Después de que su espectacular partida contra el maestro Donald Byrne hubiese recorrido las publicaciones especializadas de todo el mundo, haciendo que su talento en ebullición fuese entusiásticamente reconocido por varios los más importantes maestros incluso de la Unión Soviética, el todavía niño pensaba que era momento de dar el salto definitivo a la competición adulta. No ya sólo como invitado especial en algún que otro torneo, sino como participante de pleno derecho. No se trataba únicamente de un impetuoso deseo del siempre competitivo Bobby, sino que su ascenso en los rankings empezaba a respaldar aquella decisión. No quería seguir jugando ajedrez para niños. Porque, de hecho, no jugaba ajedrez para niños.
1957 fue el año en que se produjo ese salto. Aunque, eso sí, empezó participando una vez más en el Campeonato Junior de los EEUU, donde como todo el mundo ya esperaba volvió a arrasar sin contemplaciones. La organización del campeonato, por cierto, cometió el desliz de ofrecer exactamente el mismo premio que el año anterior: una máquina de escribir. Detalle que, como Pablo Morán recordaba divertido en uno de sus libros, no hizo muy feliz a Bobby, que ahora poseía dos mecanográficas exactamente iguales. Aquella sería la última ocasión en que Fischer se dejaría ver en una competición juvenil. Las competiciones juveniles se le habían quedado pequeñas, simple y llanamente.
Tras aquel segundo título junior empezó a centrarse únicamente en torneos adultos. Volvió al US Open, donde el año anterior había obtenido un aceptable resultado, aunque esta vez superó las expectativas y quedó clasificado en primer lugar. Era su primera victoria en un torneo adulto. Ya por entonces había empezado a recibir invitaciones del extranjero —por ejemplo, se desplazó brevemente a Cuba para un torneo de exhibición— pero las declinó para poder inscribirse por primera vez en el Campeonato de los Estados Unidos, donde se enfrentaría a los doce mejores jugadores del país, algo a lo que ya tenía derecho gracias a su veloz avance en el escalafón. No había finalizado el colegio y ya competía por la corona nacional.
collins fischer
Bobby junto a Jack Collins, con cuya familia pasaba bastante tiempo, Collins fue una de las personas más cercanas a él durante su vida.

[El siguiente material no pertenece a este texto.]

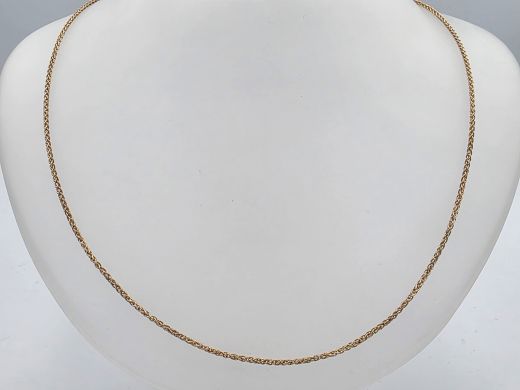 Zelta ķēdīte, 2.04 g, izm. 50 cm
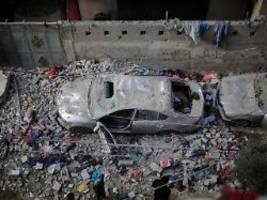 nach angriff auf kaserne: israel greift ziele in syrien und bei grenzstadt rafah an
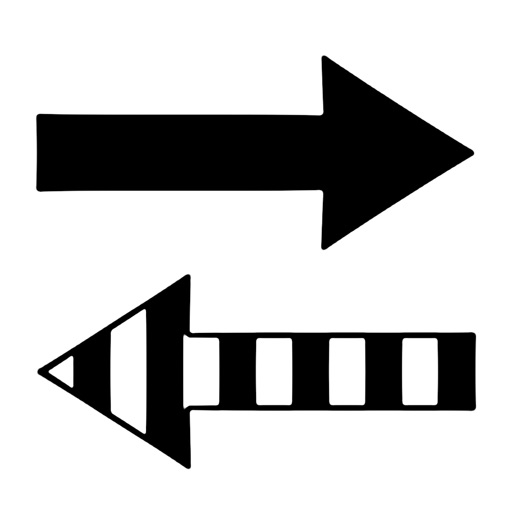 Swipe Arrows Icon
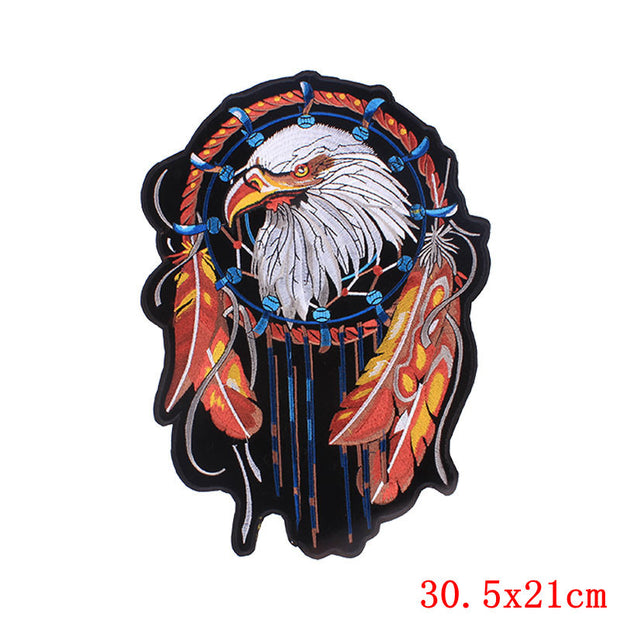 Fashion Clothing Accessories Personality Patch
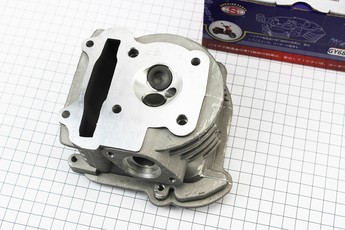 Головка циліндра GY6 139QMB 50-100cc 39мм 50cc з Клапаними у зборі, арт. 349150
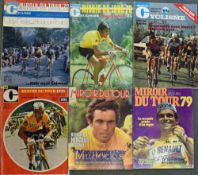 Collection of Tour De France/Cycling French Magazines from 1960/84 (15) – all Miroir Du Tour (Miroir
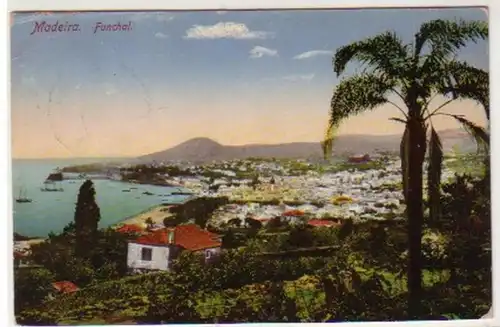 30837 Ak Madeira Funchal Portugal 1913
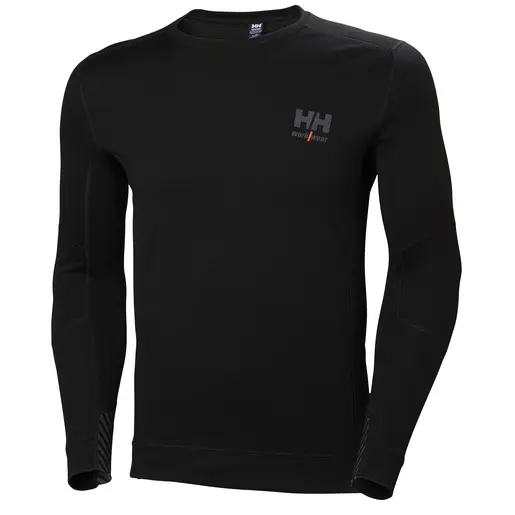 Tee-shirt thermique lifa merino Noir - HELLYHANSEN - 75106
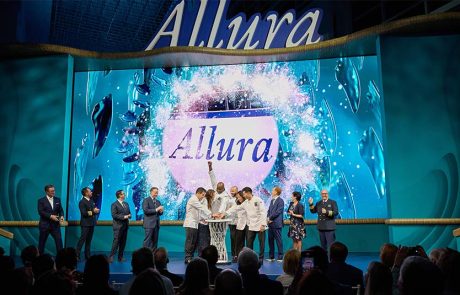 Oceania Cruises השיקה את Oceania Allura בטקס נוצץ במיאמי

Durante años, el campeonato estadounidense había estado dominado por un pequeño puñado de nombres, las auténticas fuerzas vivas del ajedrez estadounidense: Larry Evans, Arthur Bisguier, Arnold Denker y muy especialmente el veterano Gran Maestro Samuel Reshevsky, principal dominador de los escaques americanos, uno de los grandes nombres a nivel muncial y uno de los escasísimos jugadores occidentales que había podido crear cierta inquietud a los todopoderosos soviéticos. Todos esos grandes jugadores iban a estar presentes en el Campeonato estadounidense de 1957. Ahora Bobby ya no estaría rodeado de juveniles —aunque, incluso entre los juveniles, él había sido el más pequeño— sino de campeones consagrados que en algún caso tenían incluso reputación mundial. Sin embargo, como se pondría de manifiesto muchas veces en el futuro, aquello era algo que lo preocupaba más bien poco. El enfrentarse al status quo nunca fue algo que lo intimidase ni siquiera a tan temprana edad. Ya se había demostrado a sí mismo que podía vencer a ajedrecistas consagrados; llevaba desde los ocho años derribando murallas para intentar ser cada vez mejor y aquellos prestigiosos nombres eran sólo nuevas murallas que intentar derribar. Asi que, lejos de acudir a su primera gran competición acomplejado o acobardado, el chaval flacucho de Brooklyn se presentó repleto de confianza en sí mismo.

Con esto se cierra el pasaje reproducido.